The rotor blades are attached to the hub(which sits on top of the power delivery shaft from the gearbox/engine) the hub is sort of sat on a gimble, that is attached to the collective that is the pilots control stick( cyclic in Heli.. joystick in A/C) when you move the cyclic Left or right or forward or to the rear(or indeed any angle you command) if the rotor( thats the collective name for the group of blades attached to the hub) is spinning the flow of air being collected by the rotor blades is deflected or directed to the direction of the gimbled rotor hub which in turn is controlled by the pilot holding the stick.

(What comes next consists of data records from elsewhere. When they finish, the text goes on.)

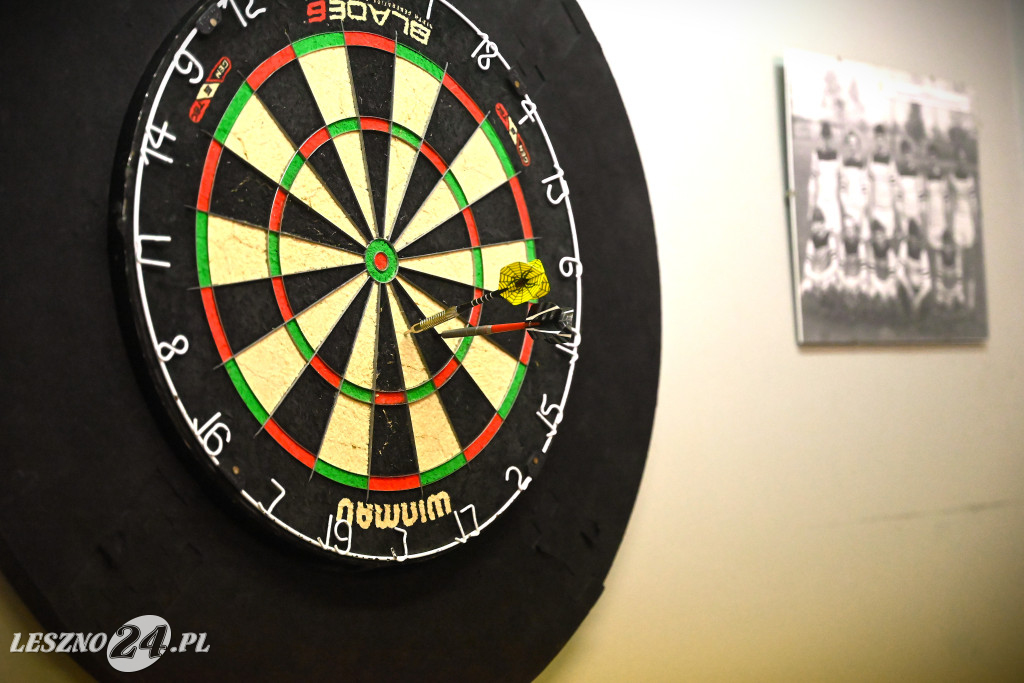 Zawody w darta na Orliku w Garzynie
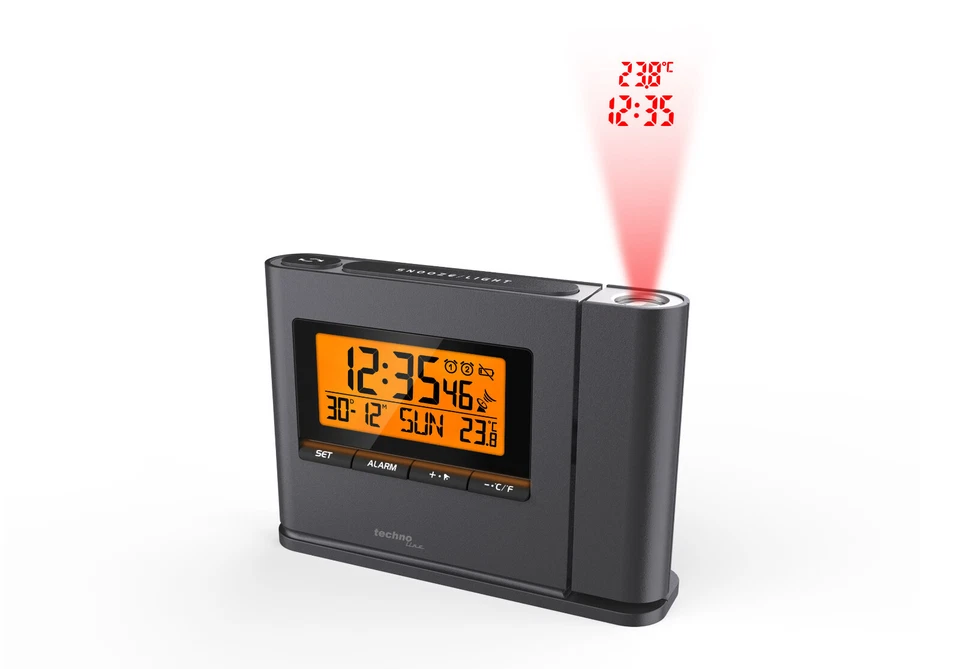 Technoline Projektionswecker WT 519 mit Funkuhr - Bild 3 von 3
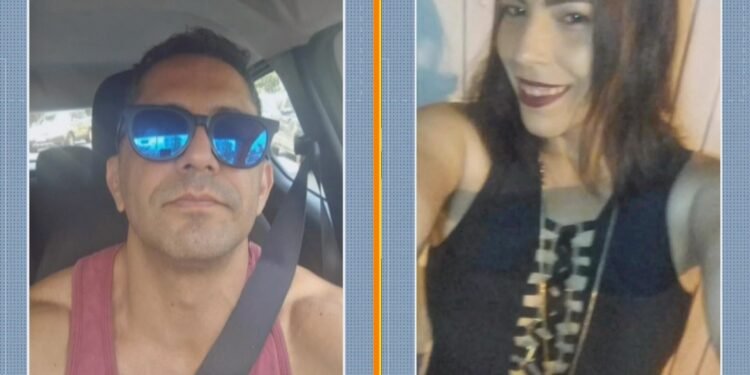Mulher é morta a facadas, e namorado é preso Mulher é morta a facadas, e namorado é preso
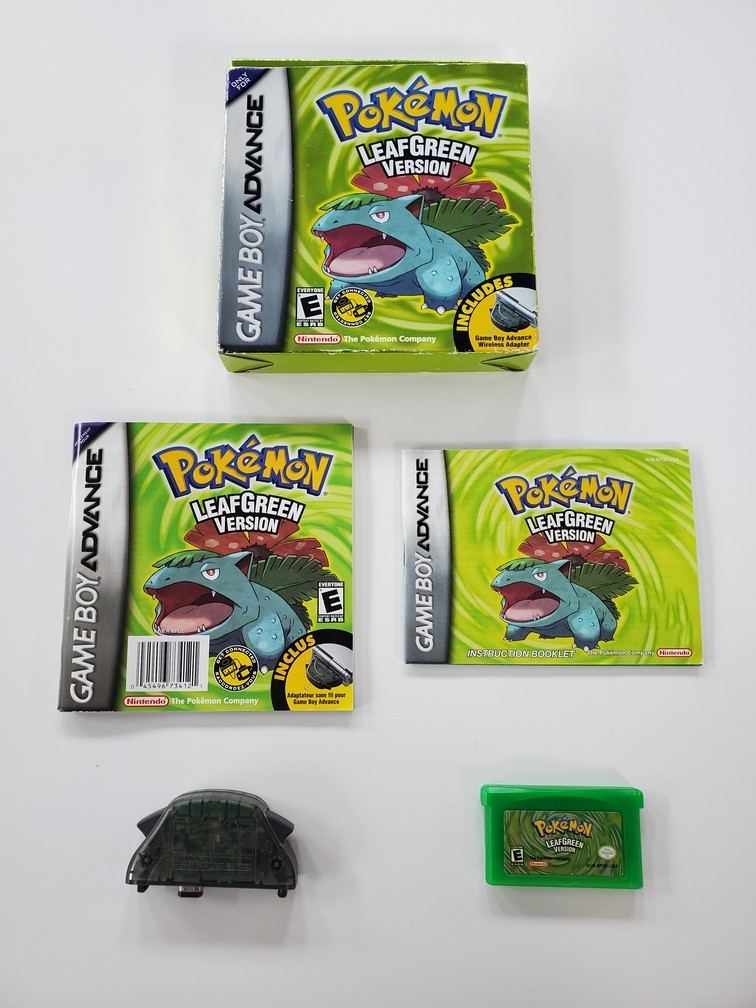 Pokemon: LeafGreen Version (CIB)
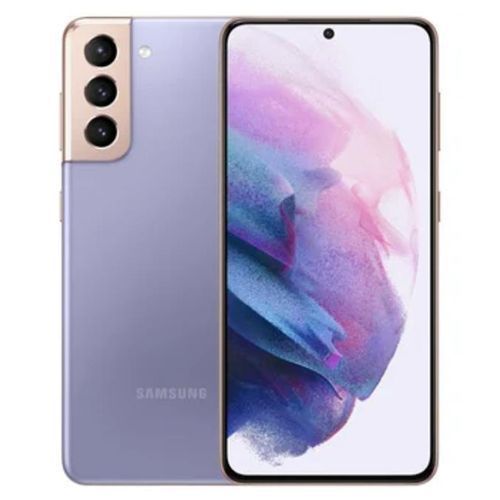 S21 5G Android Smartphone 8GB RAM + 128GB Storage – Purple (6.2-Inch AMOLED, Triple Camera)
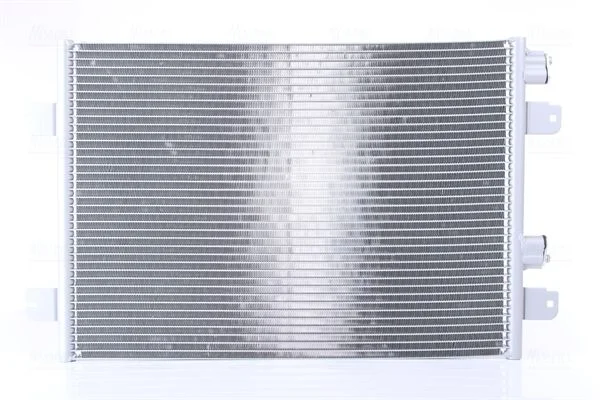 Condenser, air conditioning NISSENS 94673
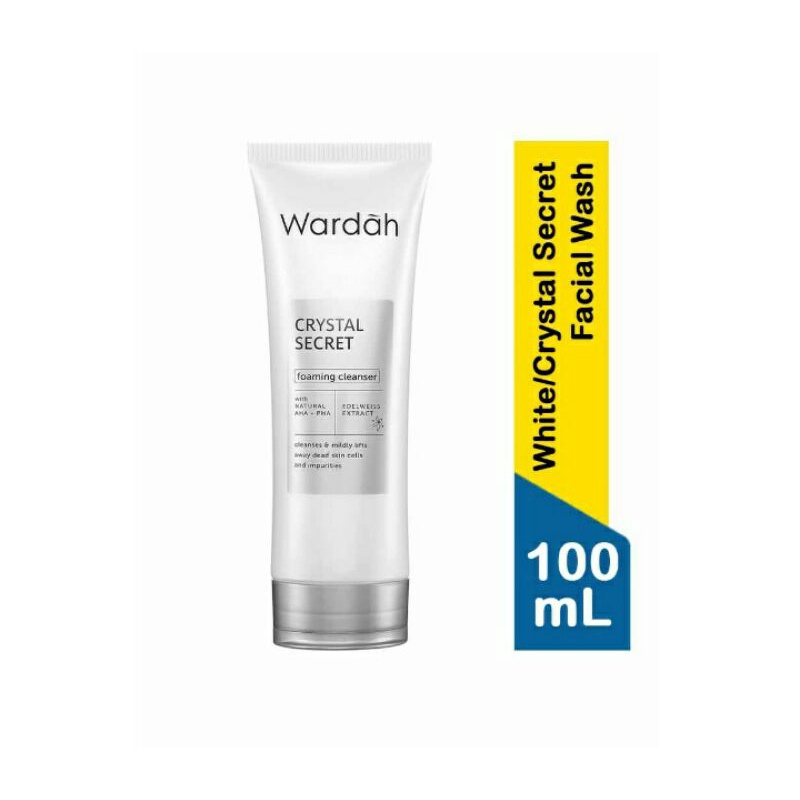 Wardah White/Crystal Secret Facial Wash100MI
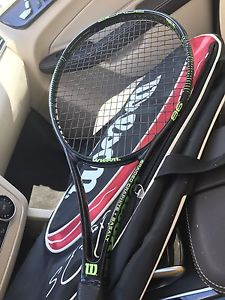 2015 Wilson Blade 98 head 18x20 4 1/2 Grip Excellent  shape Tennis Racquet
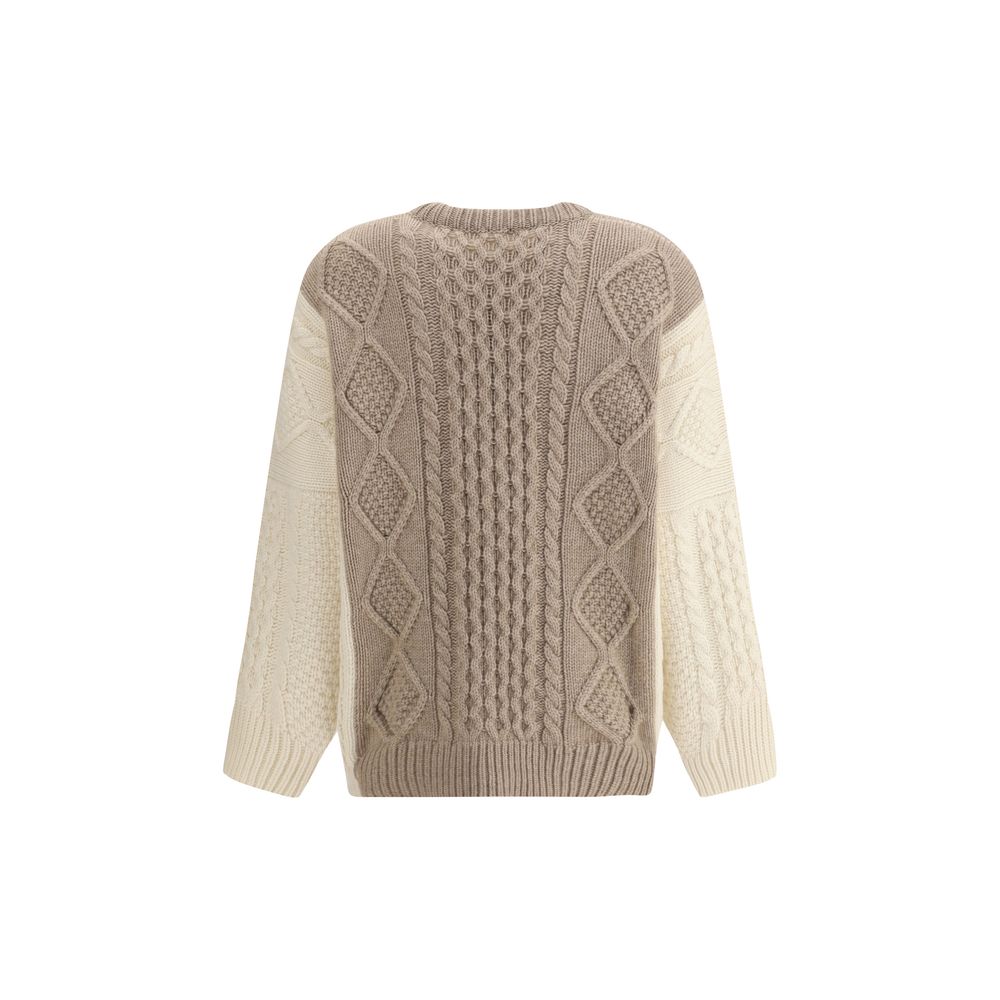 Ella Cream Cashmere Cashmere Sweater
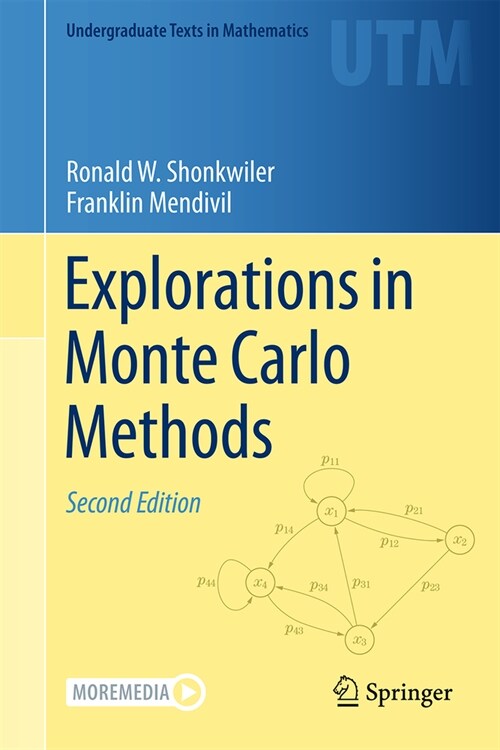 Explorations in Monte Carlo Methods (Hardcover, 2, 2024)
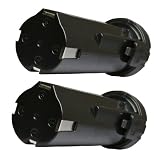 【掘出物屋】 2個セット Panasonic（パナソニック） 2.4V 3.0Ah 電動工具用 ニッケル水素 互換バッテリー EZ9021 対応 (電源端子３本)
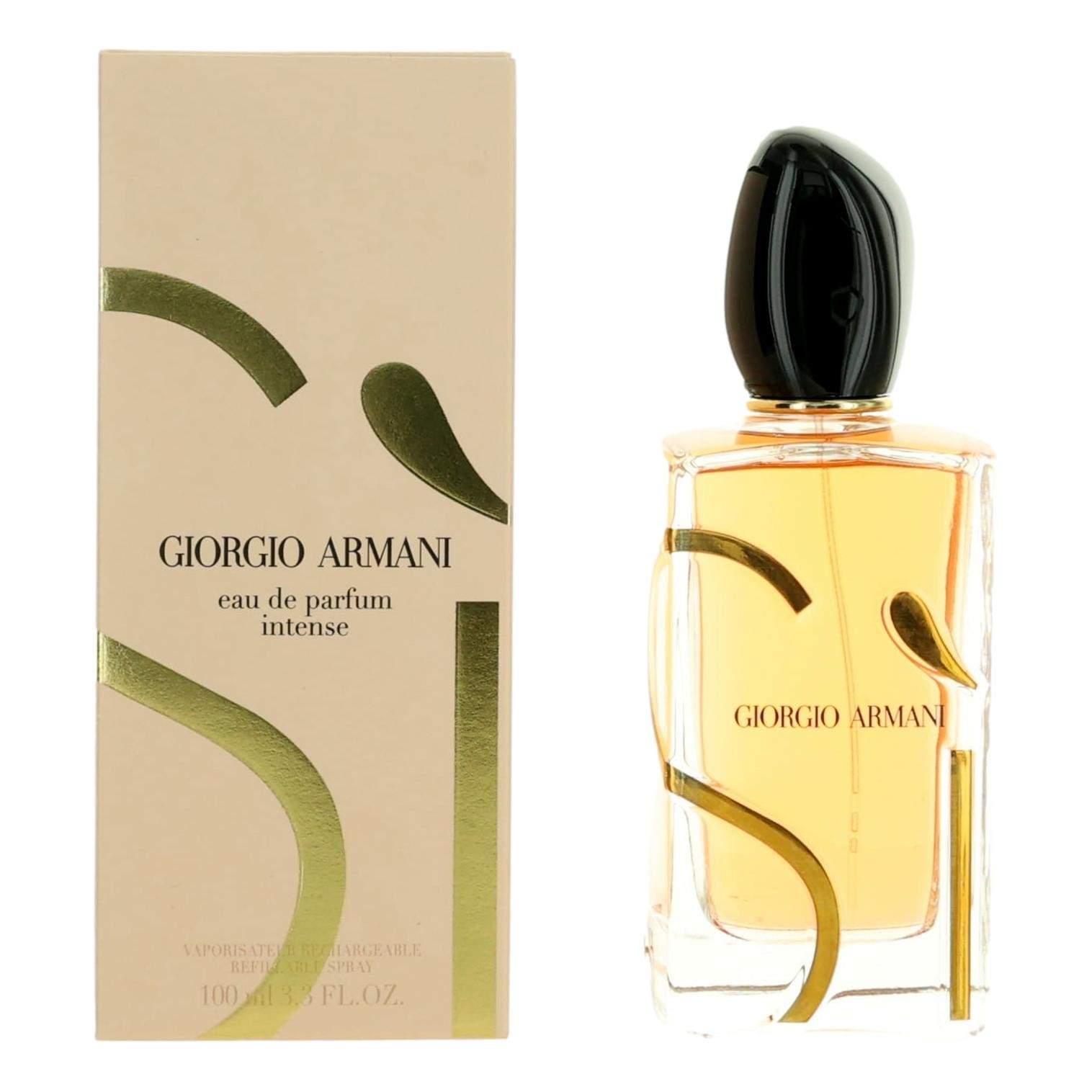 Si Intense by Giorgio Armani, 3.4 oz EDP Spray for Women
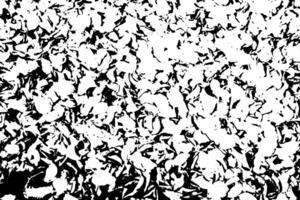 Rustic grunge texture with grain and stains. Abstract noise background. Weathered surface. vector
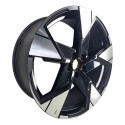 Roda Aro 20 Volvo Ex30 2024 A 2026 Original Novo Detalhes Preto/prata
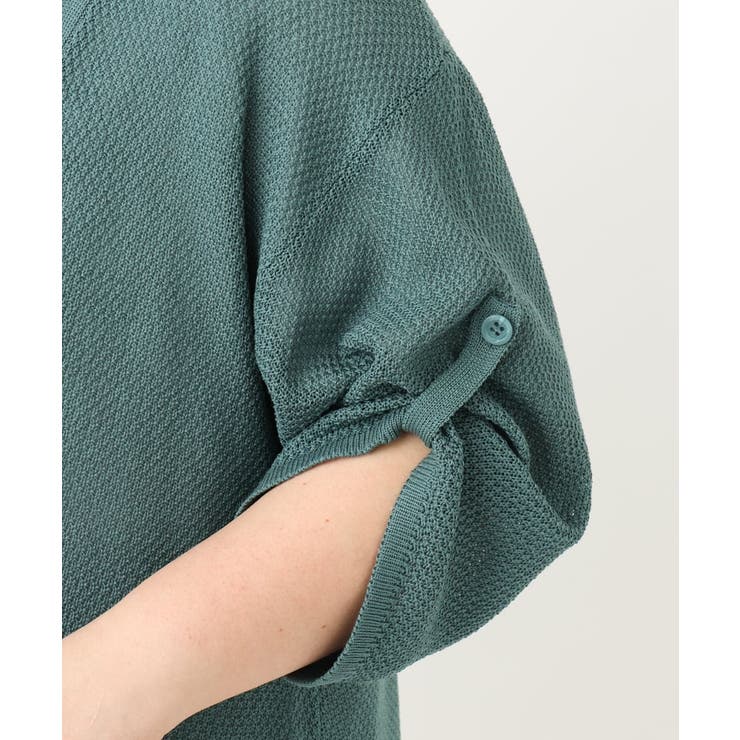 【大きいサイズ】麻タッチトッパーカーディガン | eur3 | 詳細画像10 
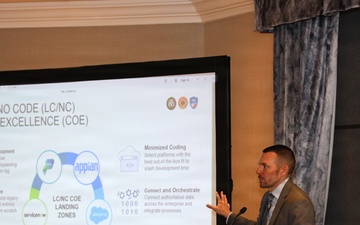CECOM Army Software and Innovation Center Highlights Enterprise Software Modernization at Belvoir Industry Days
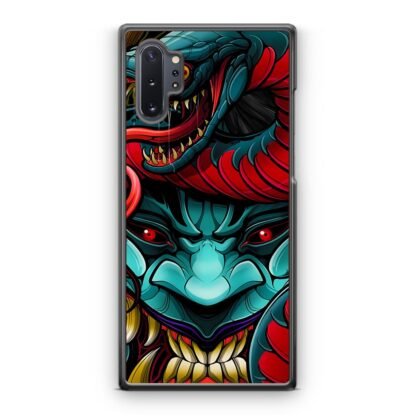 Demon Snake Monster Samsung Galaxy Note 10 / Note 10 Plus Case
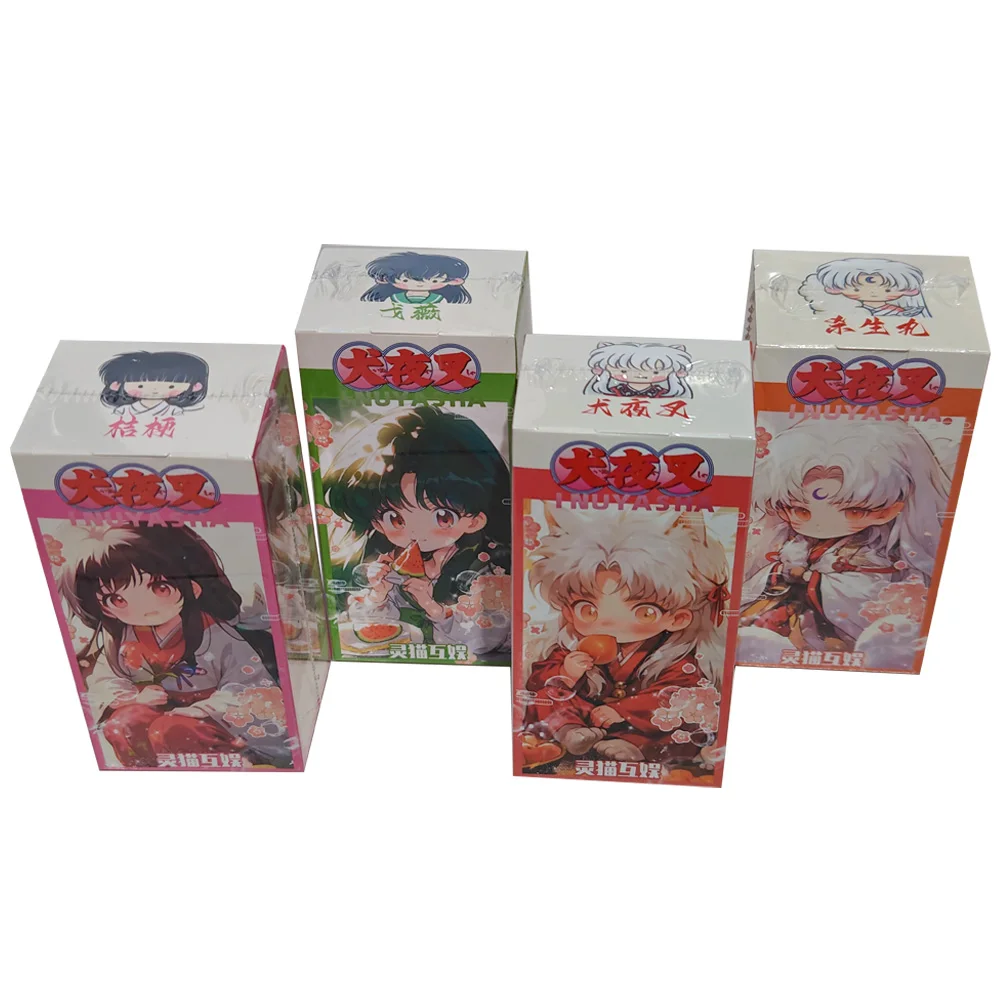 Новые коллекционные карты Inuyasha, аниме серия, карты Sesshoumaru kikyo-higurashi Kagome LP SKP SSP SSR, карты для игры, Настольная игрушка, подарки
Новые коллекционные карты Inuyasha, аниме серия, карты Sesshoumaru kikyo-higurashi Kagome LP SKP SSP SSR, карты для игры, Настольная игрушка, подарки
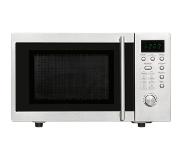 Exquisit MW -3 Inox Arbeitsplatte Kombi-Mikrowelle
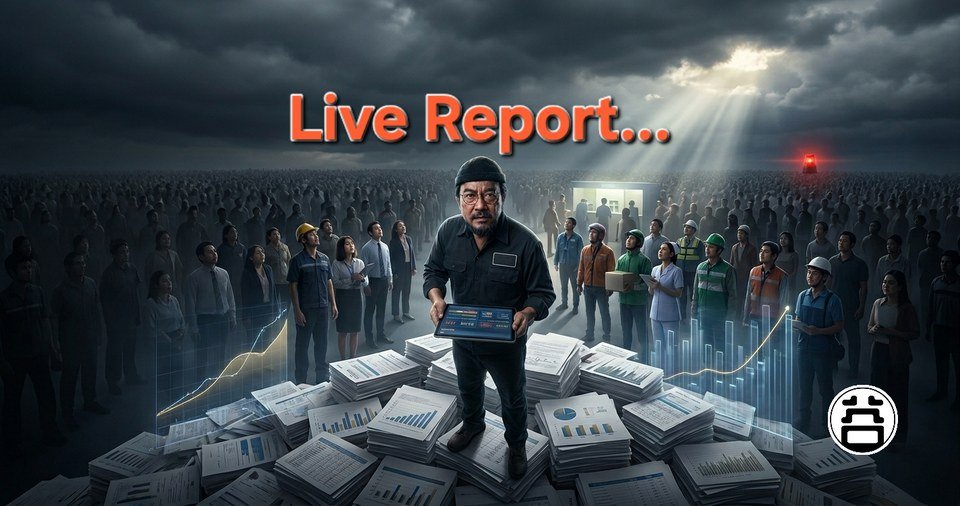 Live Report ยอดลงทะเบียนเลือกตั้งบอร์ดประกันสังคม 2569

In otherwords if you are in the air or on the ground, with power available to the rotor the Heli would move into the commanded position of the stick in the pilots hand.

Peter R-B
Lancashire
UK:ok:

baobab72
13th Nov 2013, 15:17
Hi peter
Thanks for the prompt replay, hoever i still dont see why the blades cone up when you move the cyclic aft and not when you move it forward since as you said when you move the cyclic basically you are redirecting some total lift in horizontal thrust, propelling the heli in that direction.

Thanks

Baobab

baobab72
13th Nov 2013, 16:28
Hello
My question was geared to the recovery procedure that my instructor told me for the SFAR sigmoff about the low rotor rpm, involving lower the collective to decrease the pitch angle and thus the aerodynamic load on the blades allowing them to spin faster and rolling the throttle and moving the cyclic aft to take advantage of the fact that when you move the cyclic aft, the blades cone uo and as they do so and their center of mass moves closer to the axis of rotation due to the coriolis effect they tend to spin up, restoring the RPM's.
My understanding of the system is that when you move the cyclic back you tilt the whole rotor disk backward to re-direct some total thrust along the horizontal plane which in turn propels the aircraft in that direction, but i still don t see whi the blads cone up! Cosmif it is true that one blade moves closer to the mass the other one should move further away, canceling the cone effect out! But evidently i am mistaken!

Just to clarify all this was related to the r22.

Thanks

Baobab

Arm out the window
13th Nov 2013, 19:28
Flare effect.

With some forward airspeed, moving the cyclic rearwards tilts the disc that way. The relative airflow direction is changed, now approaching the disc more from underneath, so to speak, which opposes the induced flow.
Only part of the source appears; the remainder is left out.